◆ **What is being asked**: Using the records that follow, reproduce exactly the lines starting at the line containing "Wotnot Natural Face" and ending at the line containing "WhipSmart Furry Tales". Include both end lines and no pictures.

◆ **Entries supplied**:
>>

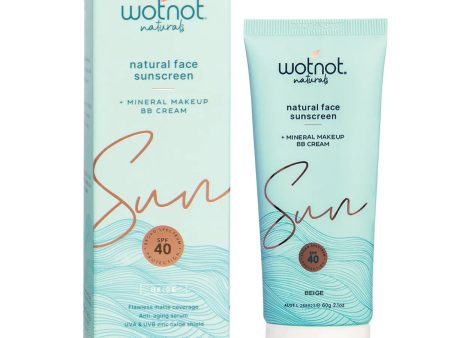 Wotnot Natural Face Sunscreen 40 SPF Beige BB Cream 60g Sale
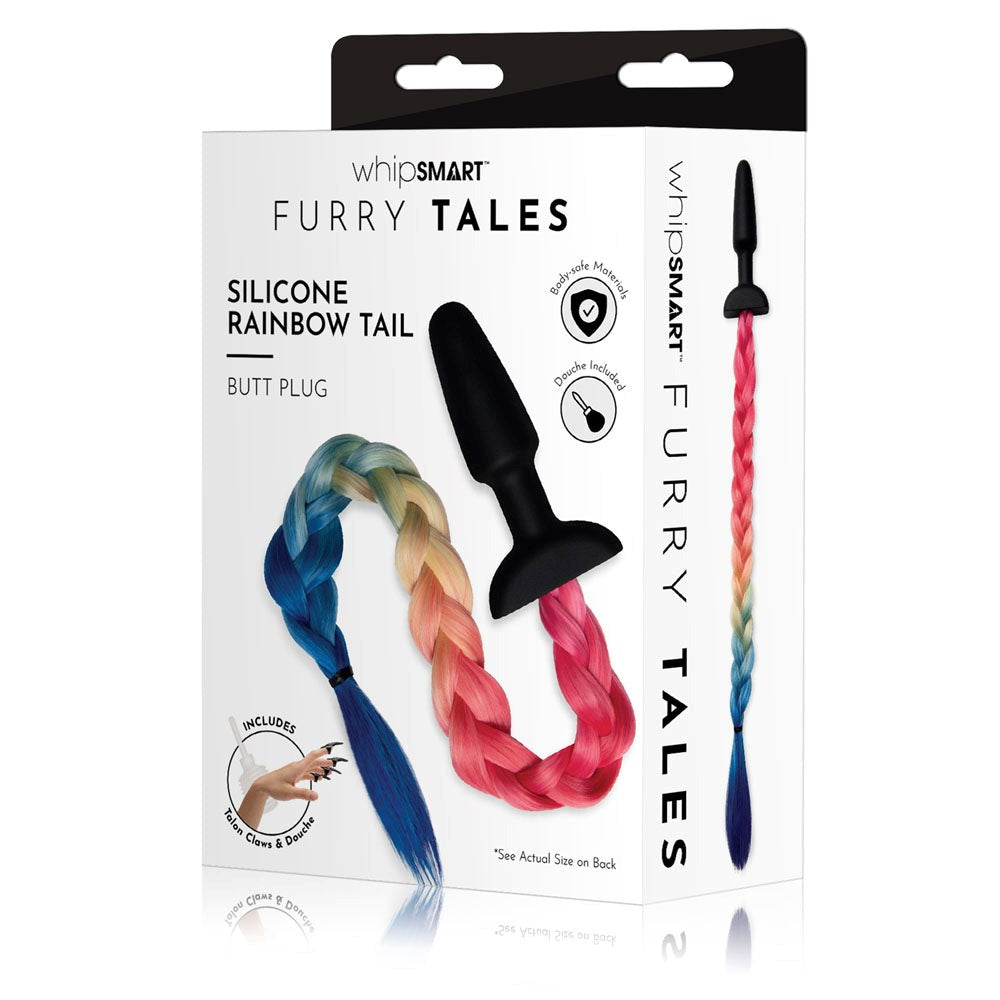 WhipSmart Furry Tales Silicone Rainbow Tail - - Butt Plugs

<<
>>

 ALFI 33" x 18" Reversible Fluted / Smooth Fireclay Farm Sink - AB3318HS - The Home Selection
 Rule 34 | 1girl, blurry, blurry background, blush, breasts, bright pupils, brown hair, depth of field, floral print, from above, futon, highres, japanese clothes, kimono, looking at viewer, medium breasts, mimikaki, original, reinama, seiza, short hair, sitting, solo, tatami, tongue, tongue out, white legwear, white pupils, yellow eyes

<<

◆ **Final answer**:
 Wotnot Natural Face Sunscreen 40 SPF Beige BB Cream 60g Sale
 WhipSmart Furry Tales Silicone Rainbow Tail - - Butt Plugs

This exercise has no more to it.